··· Task input

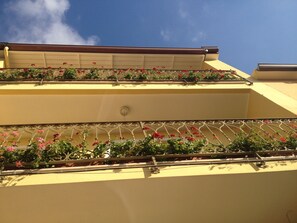 ห้องคลาสสิกสวีท | 2 ห้องนอน, ห้องพักตกแต่งอย่างมีเอกลักษณ์, โต๊ะทำงาน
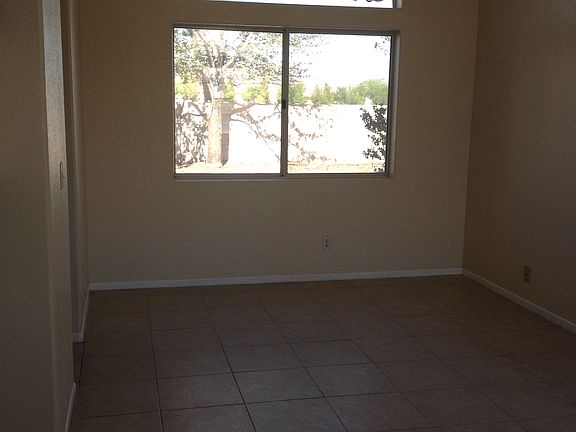 4th image of 1208 Sea Side Dr
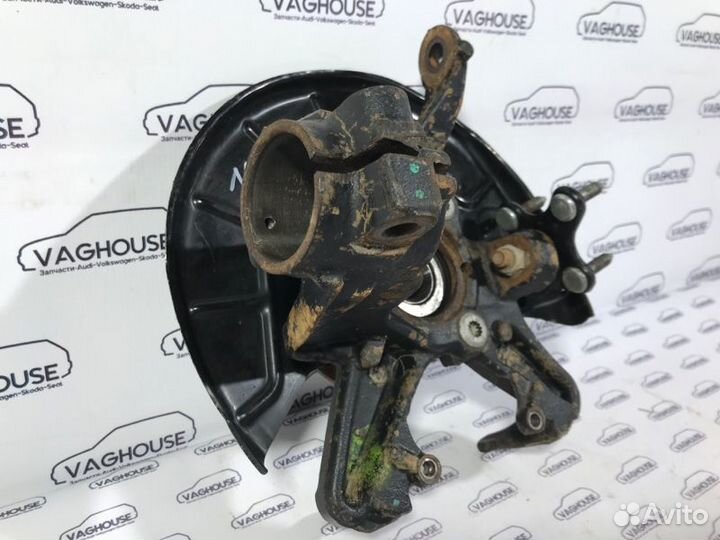 Кулак поворотный передний левый Audi Audi A3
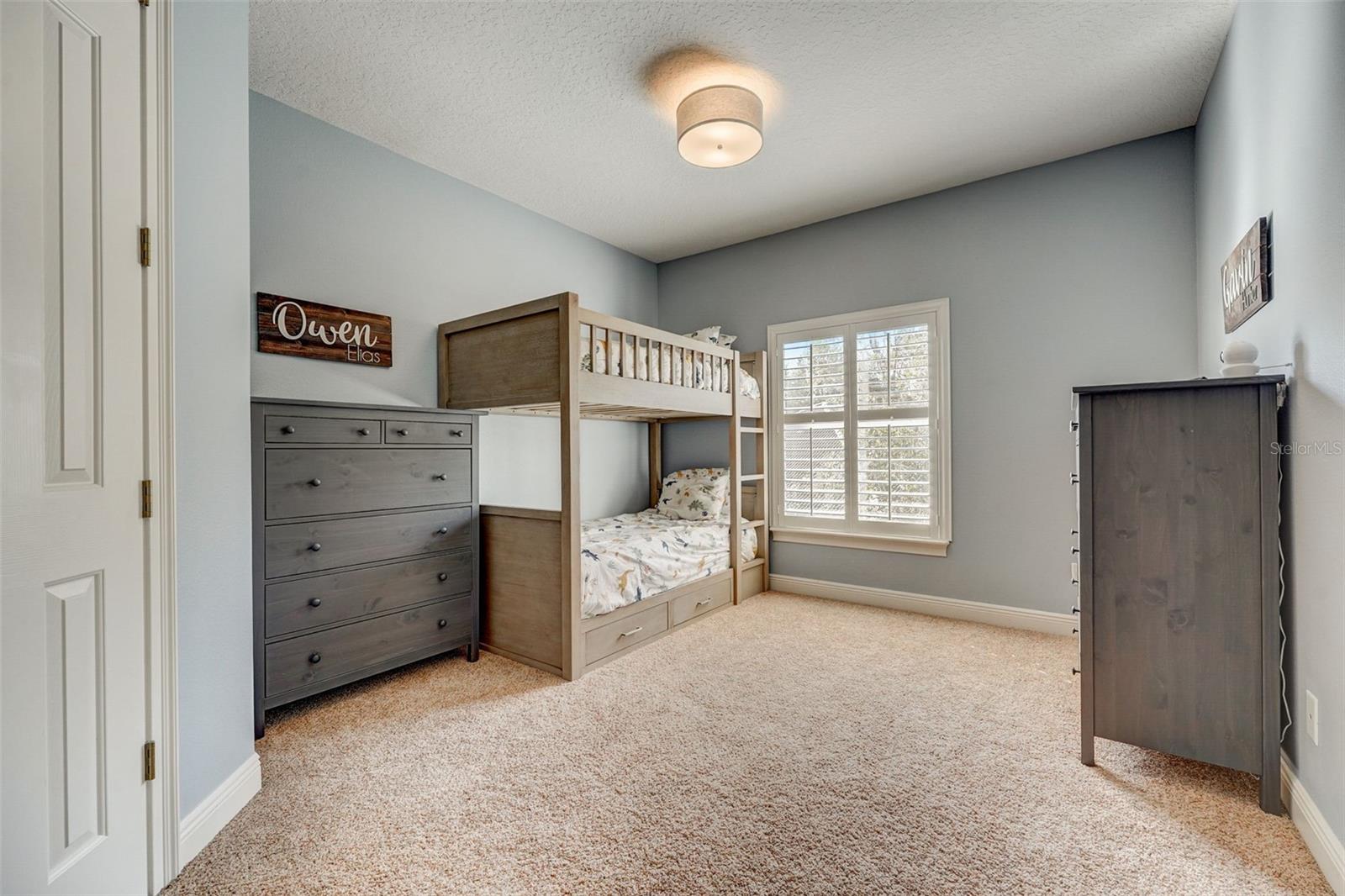 4090 Bermuda Grove Pl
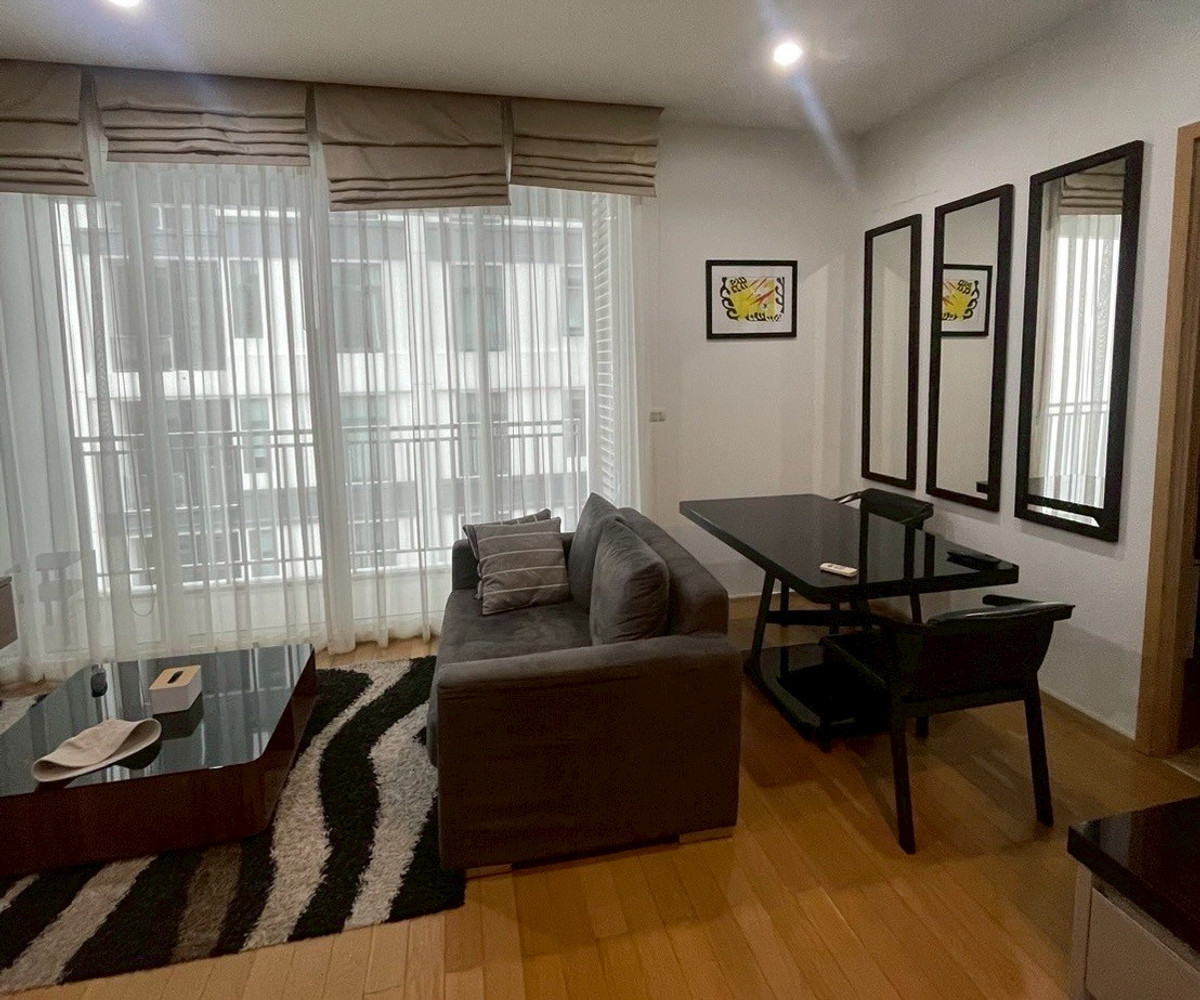 ให้เช่าคอนโดสุขุมวิท อโศก ทองหล่อ : 39 by sansiri ว่างให้เช่า พร้อมเข้าอยู่ นัดชมด่วนโทร 063-384-4228 เฟอร์ฯครบ เครื่องใช้ไฟฟ้าครบ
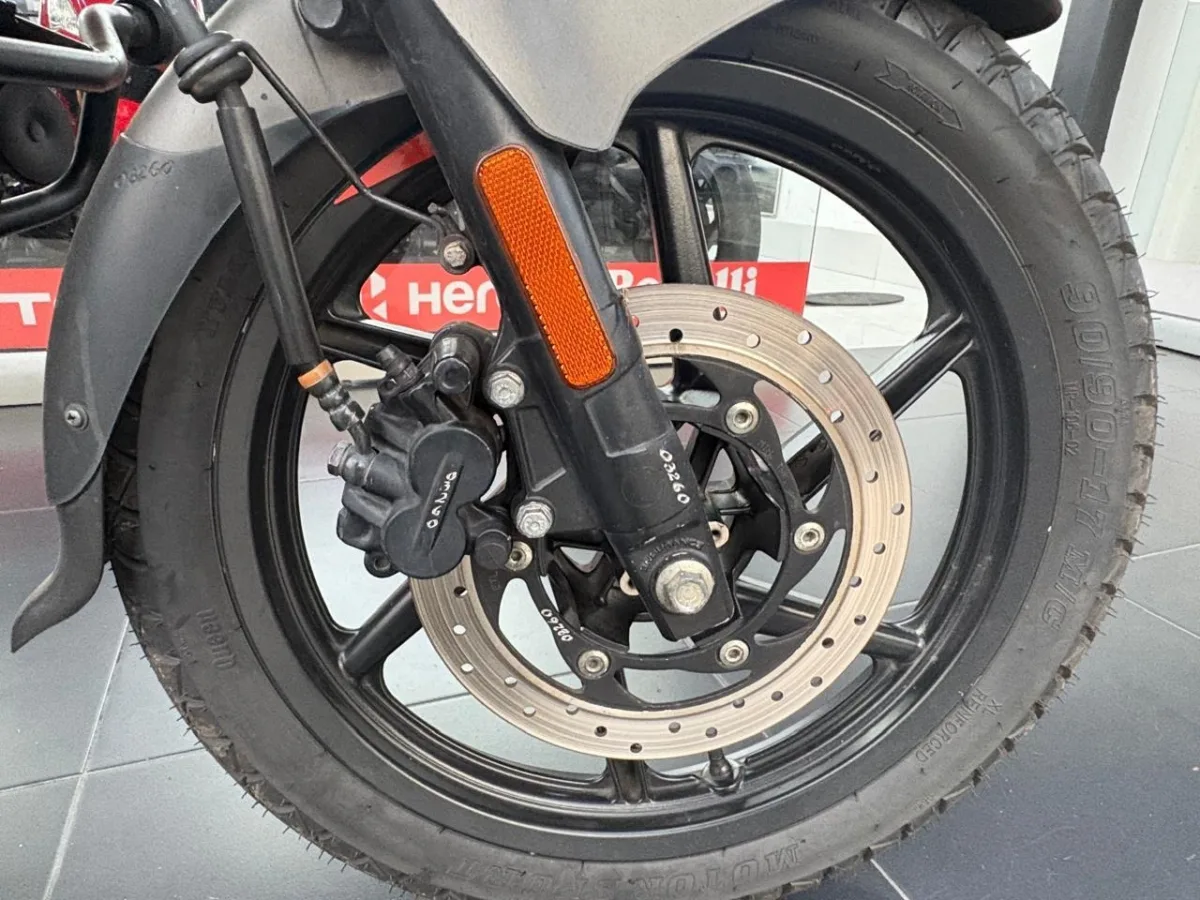 BAJAJ PULSAR 180 FI NEON 2022 — foto 3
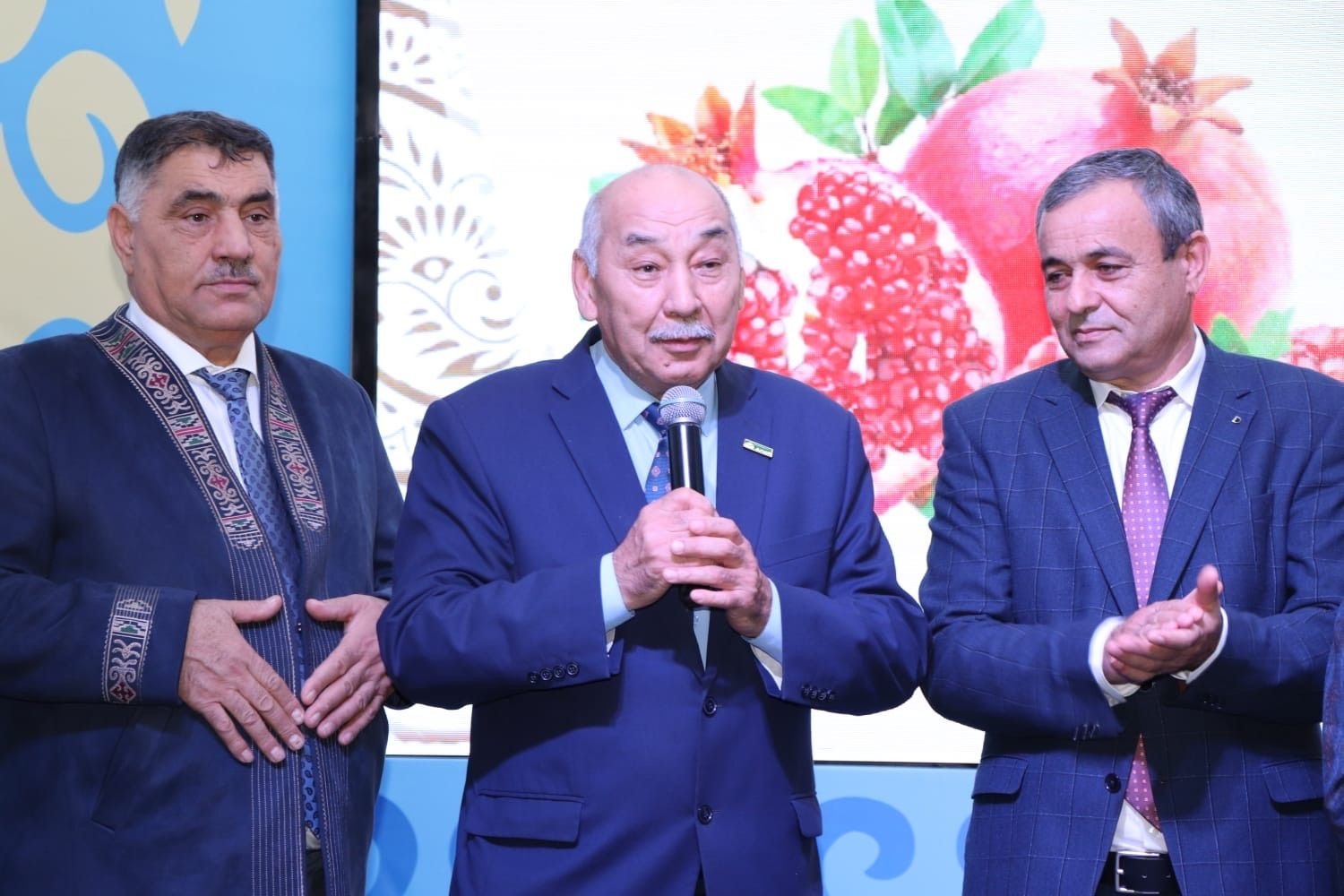 Uralskda ənənəvi Nar bayramı keçirilib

······

# Work to be completed
Without the pictures, copy the entries from their first line through the line containing "BAJAJ PULSAR 180 FI NEON 2022 — foto 3", and only those lines.

# Answer area
 ห้องคลาสสิกสวีท | 2 ห้องนอน, ห้องพักตกแต่งอย่างมีเอกลักษณ์, โต๊ะทำงาน
 4th image of 1208 Sea Side Dr
 Кулак поворотный передний левый Audi Audi A3
 4090 Bermuda Grove Pl
 ให้เช่าคอนโดสุขุมวิท อโศก ทองหล่อ : 39 by sansiri ว่างให้เช่า พร้อมเข้าอยู่ นัดชมด่วนโทร 063-384-4228 เฟอร์ฯครบ เครื่องใช้ไฟฟ้าครบ
 BAJAJ PULSAR 180 FI NEON 2022 — foto 3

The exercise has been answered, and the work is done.